## Goal of the exercise
Write the following entries out again exactly, skipping each image.

## Given data
+ + + + +

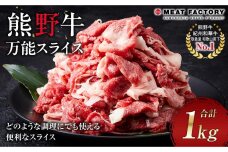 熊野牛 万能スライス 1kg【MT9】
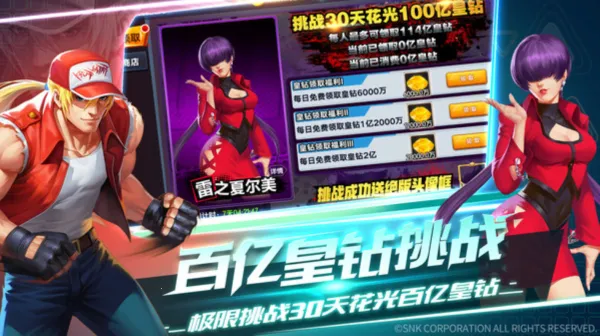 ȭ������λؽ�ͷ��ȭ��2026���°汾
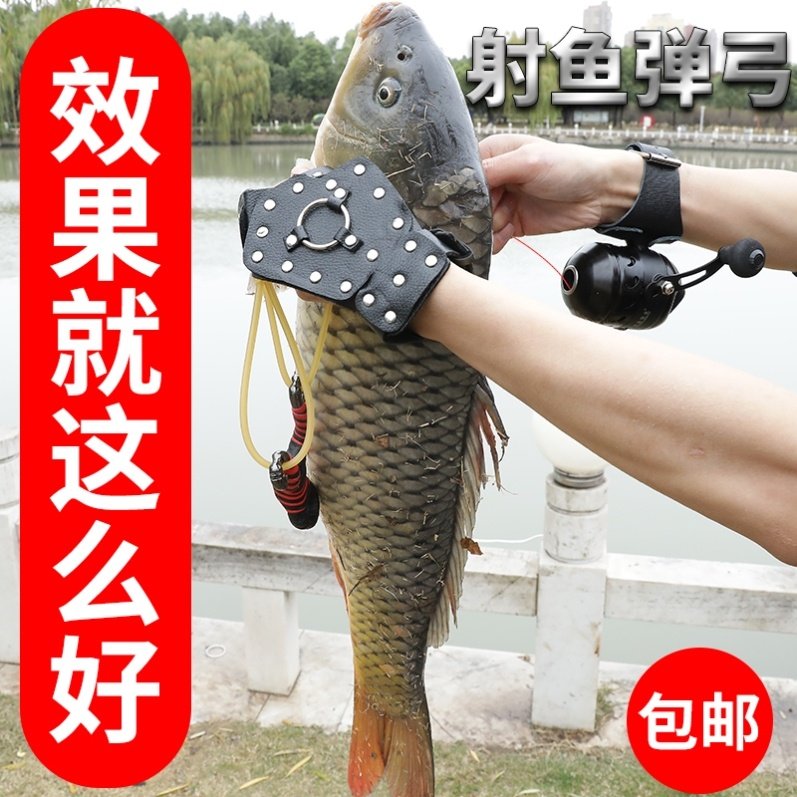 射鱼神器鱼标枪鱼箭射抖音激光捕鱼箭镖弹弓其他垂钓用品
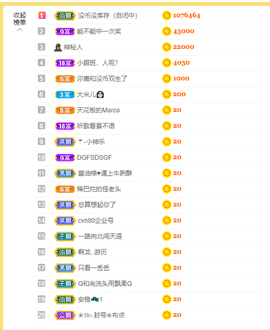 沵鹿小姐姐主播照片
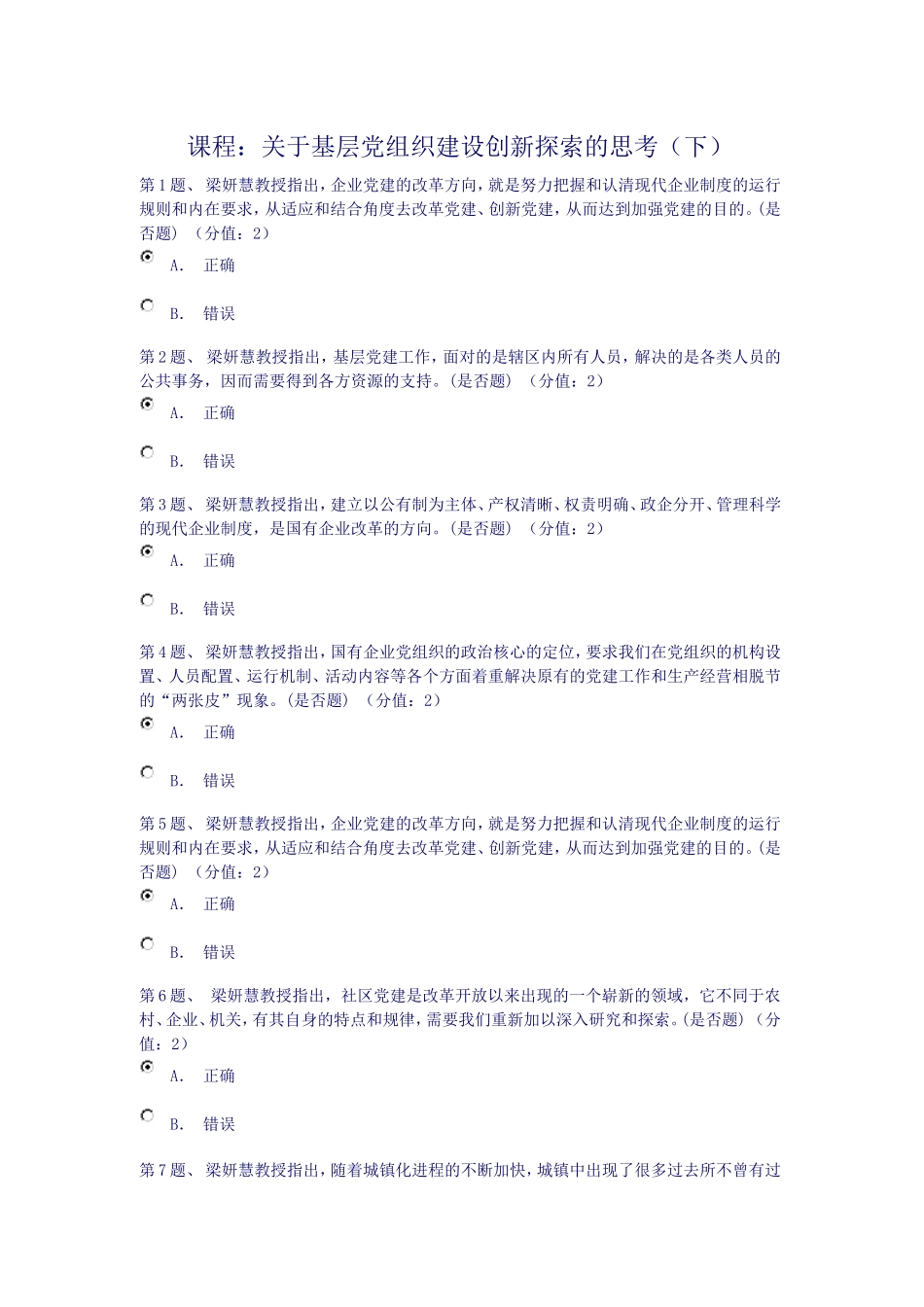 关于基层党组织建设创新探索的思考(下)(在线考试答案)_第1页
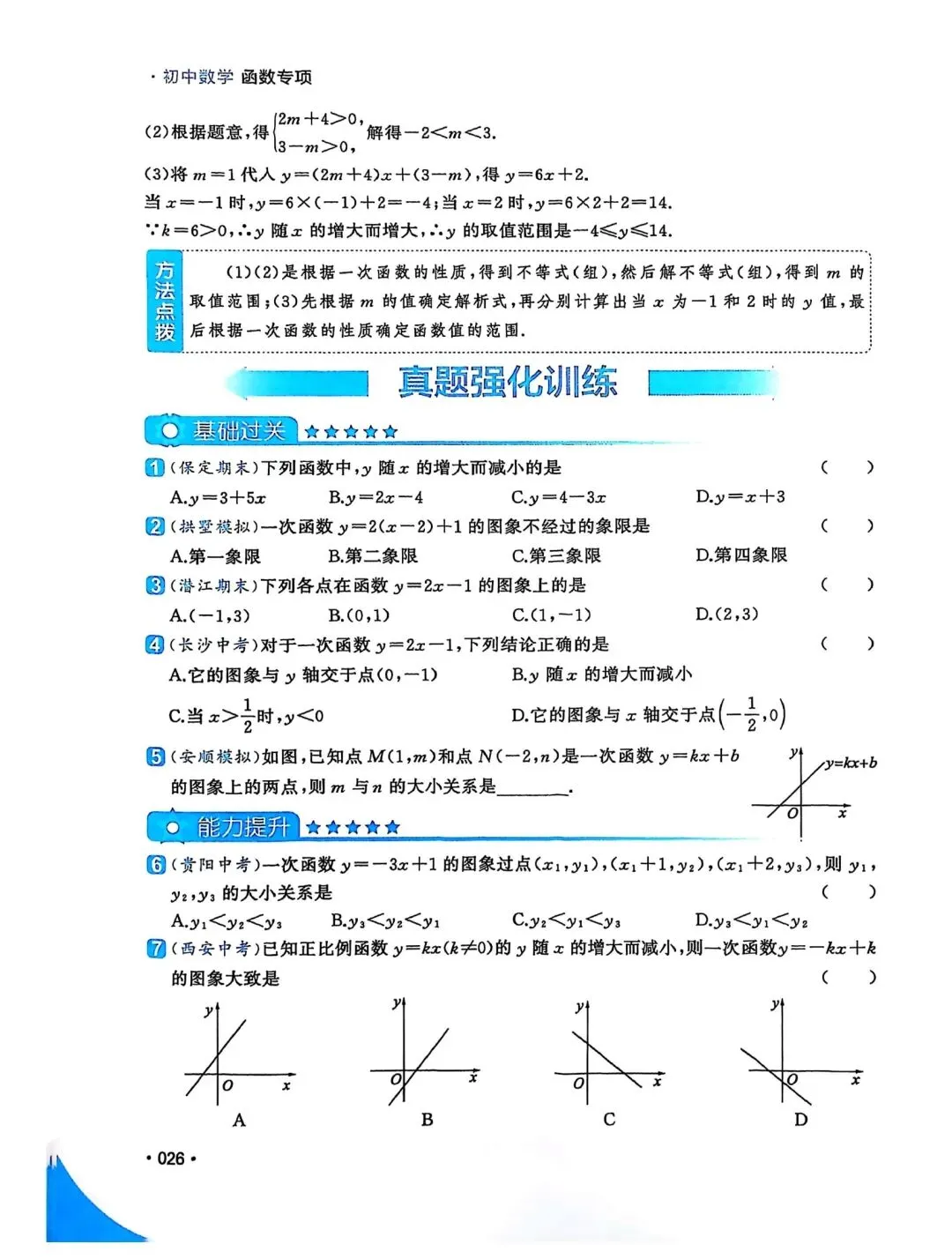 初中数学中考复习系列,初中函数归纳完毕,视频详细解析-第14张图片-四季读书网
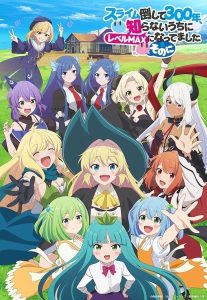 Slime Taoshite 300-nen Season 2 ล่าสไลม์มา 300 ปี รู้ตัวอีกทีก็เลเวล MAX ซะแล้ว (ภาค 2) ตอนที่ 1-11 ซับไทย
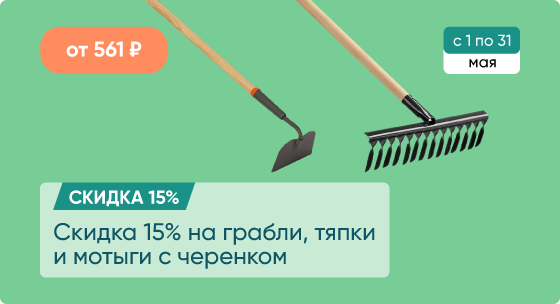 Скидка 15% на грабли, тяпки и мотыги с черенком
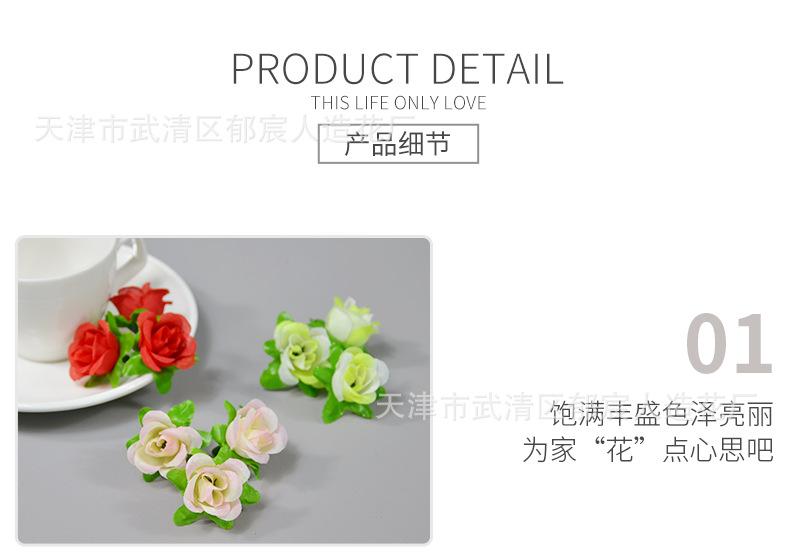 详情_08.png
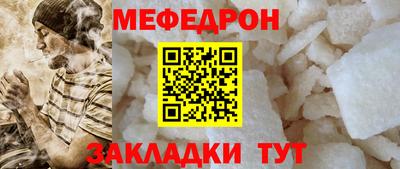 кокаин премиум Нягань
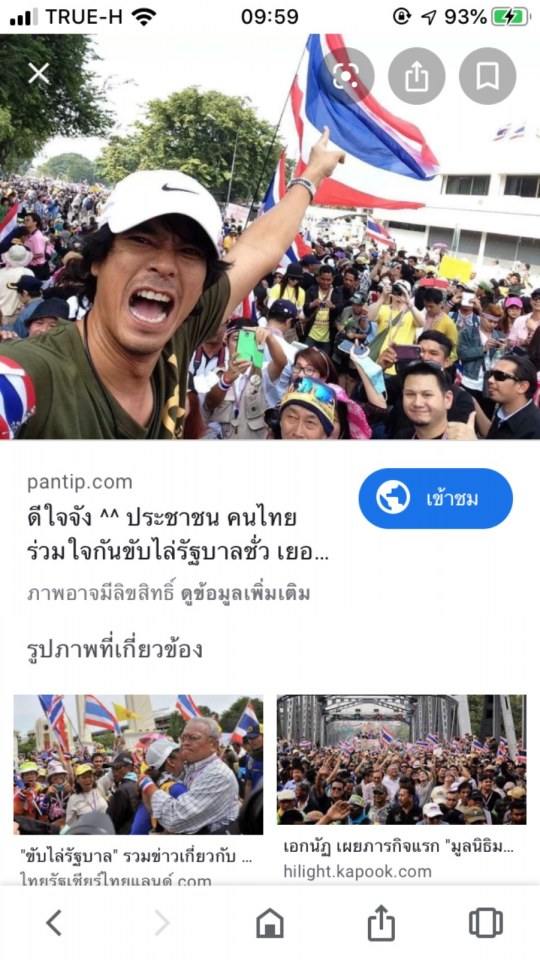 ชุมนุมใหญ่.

+ + + + +

## Written solution
 熊野牛 万能スライス 1kg【MT9】
 ȭ������λؽ�ͷ��ȭ��2026���°汾
 射鱼神器鱼标枪鱼箭射抖音激光捕鱼箭镖弹弓其他垂钓用品
 沵鹿小姐姐主播照片
 关于基层党组织建设创新探索的思考(下)(在线考试答案)_第1页
 初中数学中考复习系列,初中函数归纳完毕,视频详细解析-第14张图片-四季读书网
 Slime Taoshite 300-nen Season 2 ล่าสไลม์มา 300 ปี รู้ตัวอีกทีก็เลเวล MAX ซะแล้ว (ภาค 2) ตอนที่ 1-11 ซับไทย
 Скидка 15% на грабли, тяпки и мотыги с черенком
 详情_08.png
 кокаин премиум Нягань
 ชุมนุมใหญ่.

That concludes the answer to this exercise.